Compared to that, the sports media is obviously more progressive and the viewpoints more diverse than in the past. As I told Lewis, the democratization of the sports media has opened the door to voices and topics that it previously didn’t entertain, many of them more progressive in nature. One bit of evidence for that is that there are progressive outlets like ThinkProgress and The Nation devoting coverage to sports and employing full-time sportswriters like myself and Dave Zirin. Another is that many online outlets, places like Deadspin for instance, tend to take on a more anti-establishment and, at times, progressive tone, even if most of the writers aren’t coming from a purely political or ideological place. The proliferation of online media has also expanded opportunities for young people, minorities, and women to provide points of view that vary from the largely older white male establishment that has existed for so long. And it has also allowed for more skepticism and cynicism about the people who run sports than was typically present in establishment media outlets, as well as more room to talk about the ways sports impact and shape society, which naturally leads to more talk about bigger issues inside sports. And on that front, progressives are now participating in ways they never have.

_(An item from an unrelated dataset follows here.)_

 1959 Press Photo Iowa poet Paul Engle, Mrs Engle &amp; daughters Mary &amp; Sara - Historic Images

That shift is what has caught the attention of conservatives, because sports have for so long been a place where they didn’t have to worry much about hearing the progressive point of view, as Lewis notes:

And if conservatives are upset about this, it may be because this is all they have left. Progressives have long owned Hollywood, and (except maybe for Nashville) most of the popular music industry. Sports were perhaps the bastion for conservative entertainment ā€” the final refuge for the patriotic, beer-guzzling, macho male who just wants to forget about his day job and watch a game ā€” without hearing a lecture. Those days may be over.

But just because progressives are participating doesn’t mean the sports media is itself progressive. I’d argue that it still approaches racial and gender issues from a more conservative perspective, and that it generally favors the establishment both in how it covers issues like labor and in its overall tone. It seems to me that the sports media still takes a more socially conservative approach when it comes to how athletes exist as role models in our society. And there also remains a relative dearth of black and/or female sportswriters and editors in all parts of the media, meaning many of the issues that affect those populations are still covered primarily by white men (that’s the case even at progressive outlets and at the places we think of as more anti-establishment), limiting the points of view especially from groups that tend to be more progressive.

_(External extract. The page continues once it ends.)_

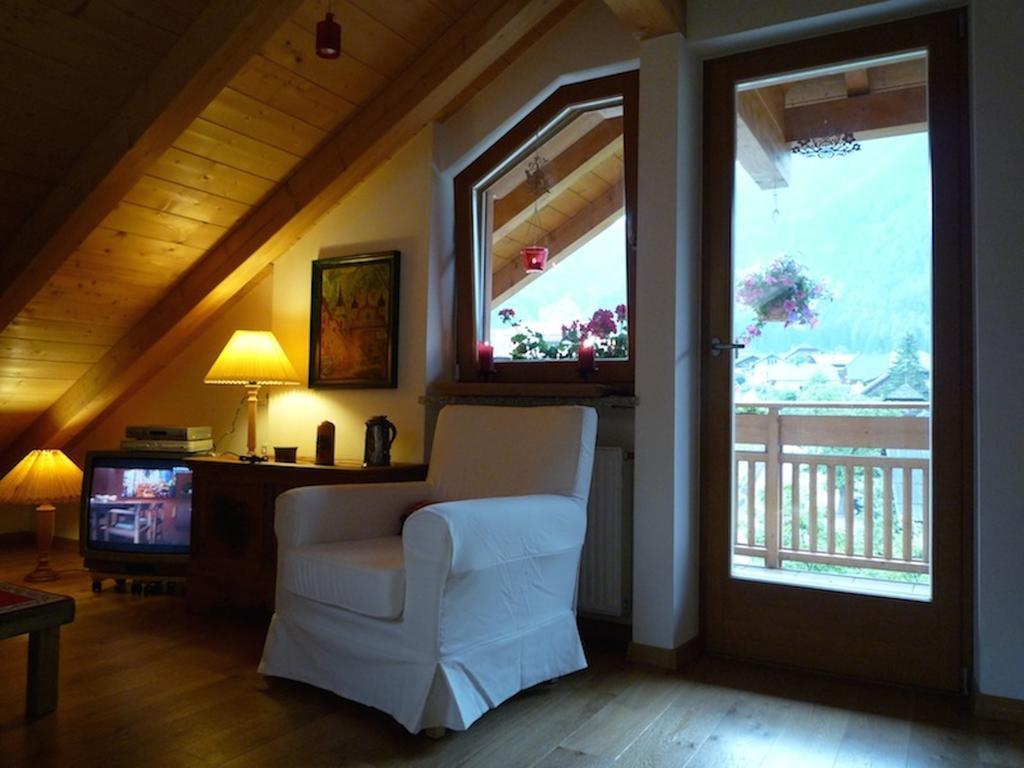 Apartamento Mansarda Dolomiti Rasun di Sopra Habitación foto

Sure, there are places where the sports media has shifted in a definitively progressive direction, sometimes even to a near consensus, like on LGBT rights and equality. But on most, there is still plenty of debate. The idea that we should prioritize equality in sports for women, for instance, is still far from accepted on all fronts. And on most fronts where there are definitively progressive points of view — like when Bob Costas talks gun control or media outlets drop the name of Washington’s football team — there almost always exist sportswriters providing the opposite viewpoint too. And, though we have shifted toward talking about substantive issues more, they still make up a relatively small amount of sports coverage.

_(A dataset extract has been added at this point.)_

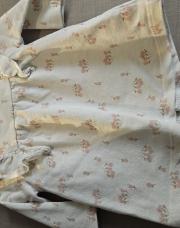 Robe blanche fleur rose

Calling it a “takeover,” then, probably exaggerates the significance of what has changed. Lewis seems to acknowledge that at one point, saying that “it does seem like we are moving toward more ideological parity.” I’d say that’s what this actually is. The sports media may be more progressive today than it ever has been, but it’s not because the left is taking over anything. Rather, it’s because progressives are finally starting to talk about their issues in a context and in an area of society they’ve mostly ignored in the past.